Note, the non-operator versions of ``update()``,
``intersection_update()``, ``difference_update()``, and
``symmetric_difference_update()`` will accept any iterable as an
argument.

Changed in version 2.3.1: Formerly all arguments were required to be
sets.

Also note, the module also includes a ``union_update()`` method which
is an alias for ``update()``.  The method is included for backwards
compatibility. Programmers should prefer the ``update()`` method
because it is supported by the builtin ``set()`` and ``frozenset()``
types.


Example
=======

>>> from sets import Set
>>> engineers = Set(['John', 'Jane', 'Jack', 'Janice'])
>>> programmers = Set(['Jack', 'Sam', 'Susan', 'Janice'])
>>> managers = Set(['Jane', 'Jack', 'Susan', 'Zack'])
>>> employees = engineers | programmers | managers           # union
>>> engineering_management = engineers & managers            # intersection
>>> fulltime_management = managers - engineers - programmers # difference
>>> engineers.add('Marvin')                                  # add element
>>> print engineers # doctest: +SKIP
Set(['Jane', 'Marvin', 'Janice', 'John', 'Jack'])
>>> employees.issuperset(engineers)     # superset test
False
>>> employees.update(engineers)         # update from another set
>>> employees.issuperset(engineers)
True
>>> for group in [engineers, programmers, managers, employees]: # doctest: +SKIP
...     group.discard('Susan')          # unconditionally remove element
...     print group
...
Set(['Jane', 'Marvin', 'Janice', 'John', 'Jack'])
Set(['Janice', 'Jack', 'Sam'])
Set(['Jane', 'Zack', 'Jack'])
Set(['Jack', 'Sam', 'Jane', 'Marvin', 'Janice', 'John', 'Zack'])

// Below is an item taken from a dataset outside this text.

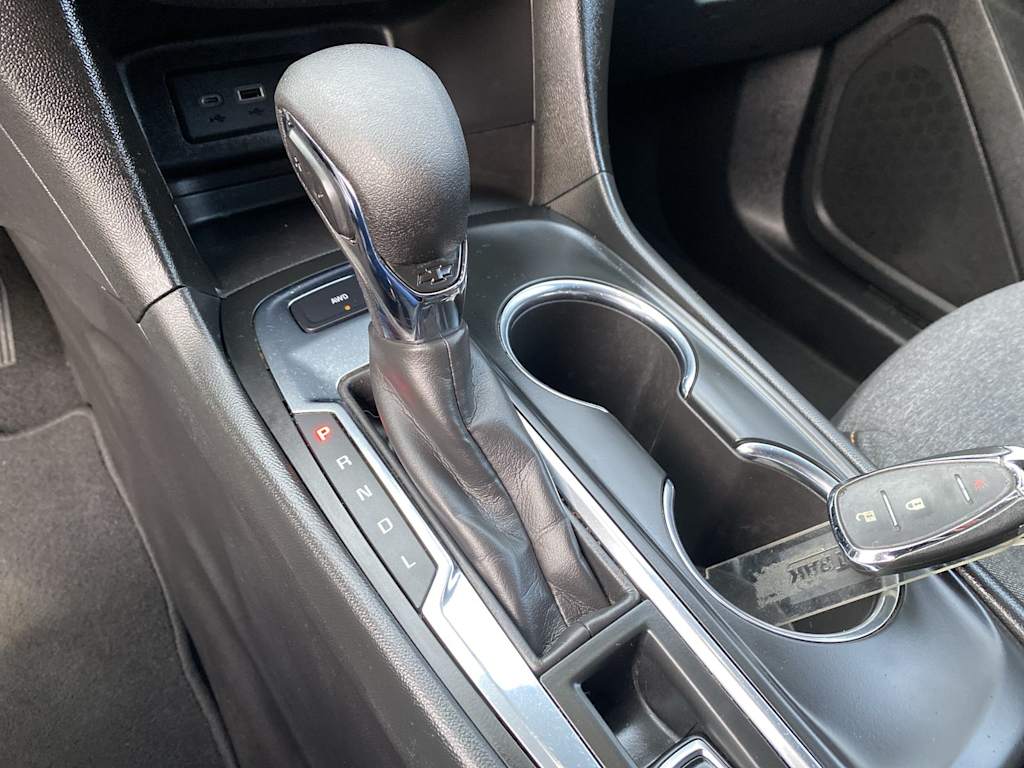 Thumbnail: 2022 Chevrolet Equinox - 12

Protocol for automatic conversion to immutable
==============================================

Sets can only contain immutable elements.  For convenience, mutable
``Set`` objects are automatically copied to an ``ImmutableSet`` before
being added as a set element.

The mechanism is to always add a *hashable* element, or if it is not
hashable, the element is checked to see if it has an
``__as_immutable__()`` method which returns an immutable equivalent.

Since ``Set`` objects have a ``__as_immutable__()`` method returning
an instance of ``ImmutableSet``, it is possible to construct sets of
sets.

A similar mechanism is needed by the ``__contains__()`` and
``remove()`` methods which need to hash an element to check for
membership in a set.  Those methods check an element for hashability
and, if not, check for a ``__as_temporarily_immutable__()`` method
which returns the element wrapped by a class that provides temporary
methods for ``__hash__()``, ``__eq__()``, and ``__ne__()``.

The alternate mechanism spares the need to build a separate copy of
the original mutable object.

``Set`` objects implement the ``__as_temporarily_immutable__()``
method which returns the ``Set`` object wrapped by a new class
``_TemporarilyImmutableSet``.

The two mechanisms for adding hashability are normally invisible to
the user; however, a conflict can arise in a multi-threaded
environment where one thread is updating a set while another has
temporarily wrapped it in ``_TemporarilyImmutableSet``.  In other
words, sets of mutable sets are not thread-safe.


Comparison to the built-in ``set`` types
========================================

The built-in ``set`` and ``frozenset`` types were designed based on
lessons learned from the ``sets`` module.  The key differences are:

* ``Set`` and ``ImmutableSet`` were renamed to ``set`` and
  ``frozenset``.

* There is no equivalent to ``BaseSet``.  Instead, use ``isinstance(x,
  (set, frozenset))``.

* The hash algorithm for the built-ins performs significantly better
  (fewer collisions) for most datasets.

* The built-in versions have more space efficient pickles.

* The built-in versions do not have a ``union_update()`` method.
  Instead, use the ``update()`` method which is equivalent.

* The built-in versions do not have a ``_repr(sorted=True)`` method.
  Instead, use the built-in ``repr()`` and ``sorted()`` functions:
  ``repr(sorted(s))``.

* The built-in version does not have a protocol for automatic
  conversion to immutable.  Many found this feature to be confusing
  and no one in the community reported having found real uses for it.